Assignment:
Repeat exactly the lines below that lie between the line with "160525-Race 2-Thunder Run-6226" and the line with "Игровой msi 17.3", counting both of those lines as part of the answer.

Crawled caption data:
__________

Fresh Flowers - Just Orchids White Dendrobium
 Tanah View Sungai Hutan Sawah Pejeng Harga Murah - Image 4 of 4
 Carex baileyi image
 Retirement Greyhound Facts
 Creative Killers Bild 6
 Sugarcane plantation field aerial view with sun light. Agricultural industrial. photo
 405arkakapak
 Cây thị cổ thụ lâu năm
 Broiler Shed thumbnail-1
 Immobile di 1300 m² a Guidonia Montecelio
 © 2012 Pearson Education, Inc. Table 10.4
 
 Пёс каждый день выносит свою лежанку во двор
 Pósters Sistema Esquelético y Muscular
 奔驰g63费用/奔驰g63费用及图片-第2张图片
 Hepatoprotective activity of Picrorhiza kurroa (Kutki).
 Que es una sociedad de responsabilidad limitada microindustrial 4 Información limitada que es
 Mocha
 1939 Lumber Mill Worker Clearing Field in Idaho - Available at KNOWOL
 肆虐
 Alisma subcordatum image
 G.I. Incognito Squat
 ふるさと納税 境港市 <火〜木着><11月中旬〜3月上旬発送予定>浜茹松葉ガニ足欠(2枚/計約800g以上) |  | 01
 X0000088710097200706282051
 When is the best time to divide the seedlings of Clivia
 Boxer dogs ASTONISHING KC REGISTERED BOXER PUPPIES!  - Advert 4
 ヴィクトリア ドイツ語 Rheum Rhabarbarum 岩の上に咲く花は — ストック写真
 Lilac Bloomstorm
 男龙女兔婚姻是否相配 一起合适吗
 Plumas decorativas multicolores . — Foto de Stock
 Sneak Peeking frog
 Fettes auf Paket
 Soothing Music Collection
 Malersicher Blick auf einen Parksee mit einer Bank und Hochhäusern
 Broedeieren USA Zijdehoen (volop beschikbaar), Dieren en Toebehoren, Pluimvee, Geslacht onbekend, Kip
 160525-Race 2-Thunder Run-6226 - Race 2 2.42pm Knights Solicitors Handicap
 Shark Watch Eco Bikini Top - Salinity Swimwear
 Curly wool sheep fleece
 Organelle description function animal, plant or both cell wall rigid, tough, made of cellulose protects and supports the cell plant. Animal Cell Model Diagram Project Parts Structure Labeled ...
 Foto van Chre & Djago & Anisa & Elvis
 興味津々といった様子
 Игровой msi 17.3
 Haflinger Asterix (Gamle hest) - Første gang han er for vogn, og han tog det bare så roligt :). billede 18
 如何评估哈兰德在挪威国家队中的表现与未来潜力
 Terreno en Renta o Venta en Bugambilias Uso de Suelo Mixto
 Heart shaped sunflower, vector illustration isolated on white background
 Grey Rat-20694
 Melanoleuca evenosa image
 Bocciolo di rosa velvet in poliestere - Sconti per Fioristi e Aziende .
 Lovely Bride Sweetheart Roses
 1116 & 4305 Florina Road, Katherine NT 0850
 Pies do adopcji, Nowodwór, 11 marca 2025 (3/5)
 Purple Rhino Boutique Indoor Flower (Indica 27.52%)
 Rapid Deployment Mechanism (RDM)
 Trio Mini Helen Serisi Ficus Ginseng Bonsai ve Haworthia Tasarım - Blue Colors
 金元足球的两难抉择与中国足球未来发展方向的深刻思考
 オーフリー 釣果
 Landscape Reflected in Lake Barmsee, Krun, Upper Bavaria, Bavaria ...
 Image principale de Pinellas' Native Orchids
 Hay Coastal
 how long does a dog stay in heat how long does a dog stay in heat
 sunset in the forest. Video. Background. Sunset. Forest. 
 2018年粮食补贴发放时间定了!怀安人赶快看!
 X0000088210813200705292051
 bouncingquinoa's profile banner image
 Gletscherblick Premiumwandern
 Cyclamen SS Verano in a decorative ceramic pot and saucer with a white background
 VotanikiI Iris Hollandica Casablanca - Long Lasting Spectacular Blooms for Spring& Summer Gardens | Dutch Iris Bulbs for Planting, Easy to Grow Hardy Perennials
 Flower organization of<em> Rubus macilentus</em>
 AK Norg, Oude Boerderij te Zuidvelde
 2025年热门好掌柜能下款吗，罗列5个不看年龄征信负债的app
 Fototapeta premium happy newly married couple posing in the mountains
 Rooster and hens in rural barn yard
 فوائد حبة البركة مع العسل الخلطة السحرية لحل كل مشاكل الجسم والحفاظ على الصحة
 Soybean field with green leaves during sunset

__________

Your solution:
 160525-Race 2-Thunder Run-6226 - Race 2 2.42pm Knights Solicitors Handicap
 Shark Watch Eco Bikini Top - Salinity Swimwear
 Curly wool sheep fleece
 Organelle description function animal, plant or both cell wall rigid, tough, made of cellulose protects and supports the cell plant. Animal Cell Model Diagram Project Parts Structure Labeled ...
 Foto van Chre & Djago & Anisa & Elvis
 興味津々といった様子
 Игровой msi 17.3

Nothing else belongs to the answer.